The resolution mark is a single realized draw, not a verdict; it says which view happened to land closer that one week, not which signal to trust.
Average disagreement by situation (Data − Expert, across all 2025 weeks). Bars to the right are situations where the data model leans more bullish than the experts; bars to the left are the reverse.
Across all 1,829 player-weeks with a realized score, the two sources agreed within 3 fantasy points about 92% of the time, with a typical gap of just 1.3 fp, so genuine disagreement is the exception. Where the two part ways, the player’s situation matters far more than the size of the gap, and the models turn out to have mirror-image blind spots. The consensus is slow to promote players suddenly handed a larger role: in fill-in and emerging-player weeks it under-projected by roughly 1.4 to 1.5 fp, with the data model drawing even or slightly ahead. The data model has the opposite weakness with returning stars, where it sees only thin recent usage and cannot tell a proven starter from a rotational piece; there it under-projected by about 1.5 fp while the experts were almost exactly right and came closer 60% of the time.
The size of a disagreement is a poor guide to who is right.

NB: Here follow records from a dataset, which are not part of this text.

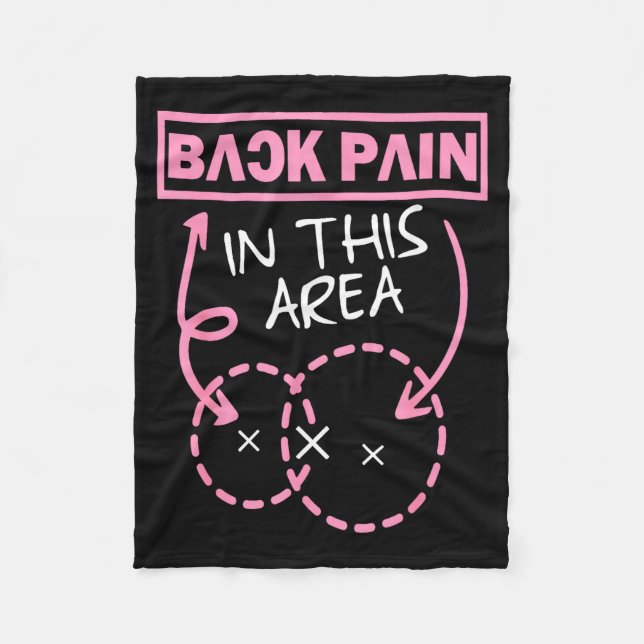 Back Pain In This Area Funny  Fleecedecke (Vorderseite)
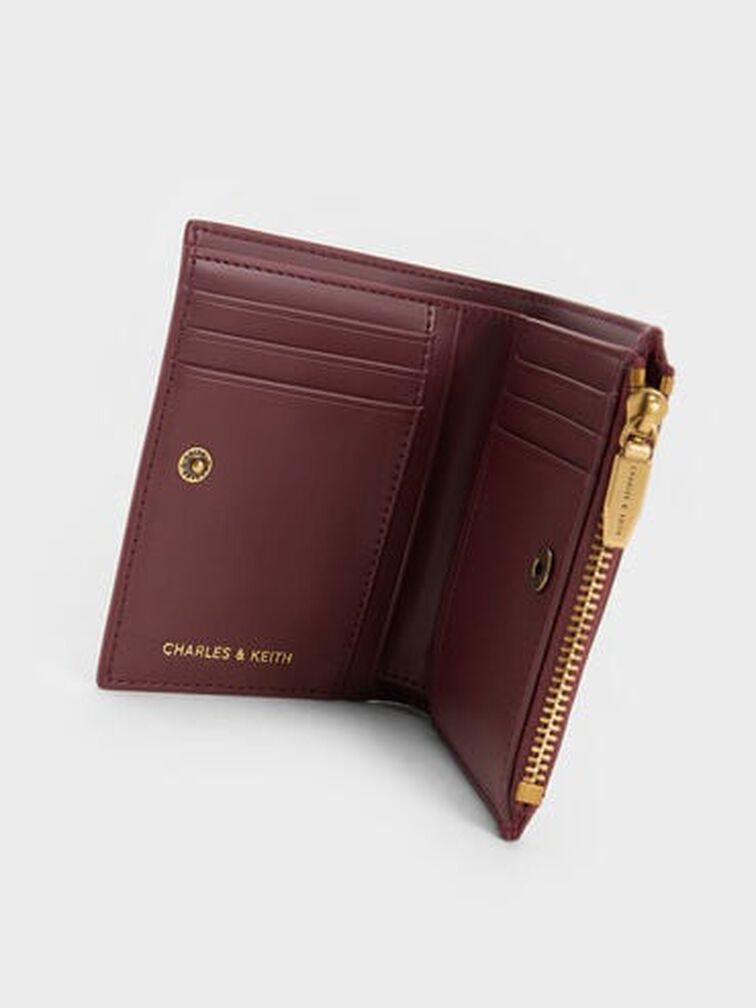 Harmonee Top Zip Small Wallet, Mulberry Plum, hi-res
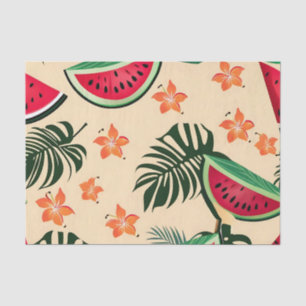 Tropical Watermelon Summer Pattern Tissue Paper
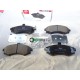 Jeu 4 plaquettes de frein avant montage mando Ferodo FDB1840 pour hyundai elantra XD matrix FC kia cerato 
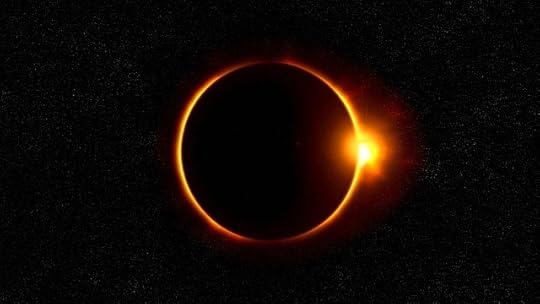 A solar eclipse's ring of fire
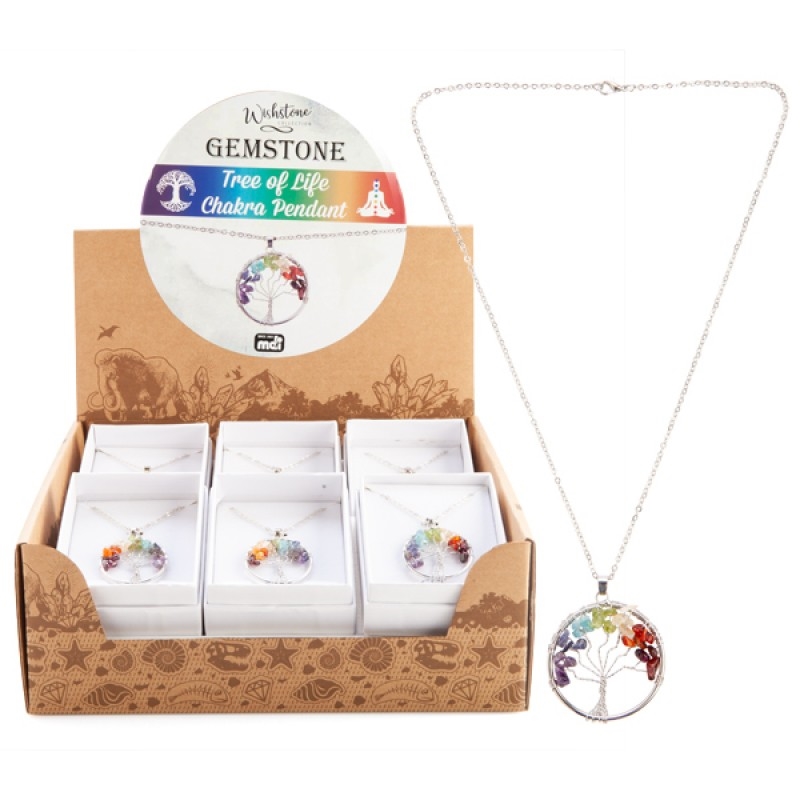 Gemstone Tree of Life Chakra Pendant (SENT AT RANDOM)/Product Detail/Gems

When either model is the dramatic outlier (the data model 3+ points above the consensus or the experts well above the data), it is usually the outlier over-reaching rather than seeing something real, and the realized score lands closer to the more conservative side. What can we learn from this? Well, disagreement marks calls that are genuinely hard; sometimes, they are challenging in a direction one side reliably misses, and which side that is might depend on the player’s situation rather than on which model sounds more confident. The dashboard shows you the disagreement and the situation behind it so you can tell which kind you are looking at, rather than resolving it for you.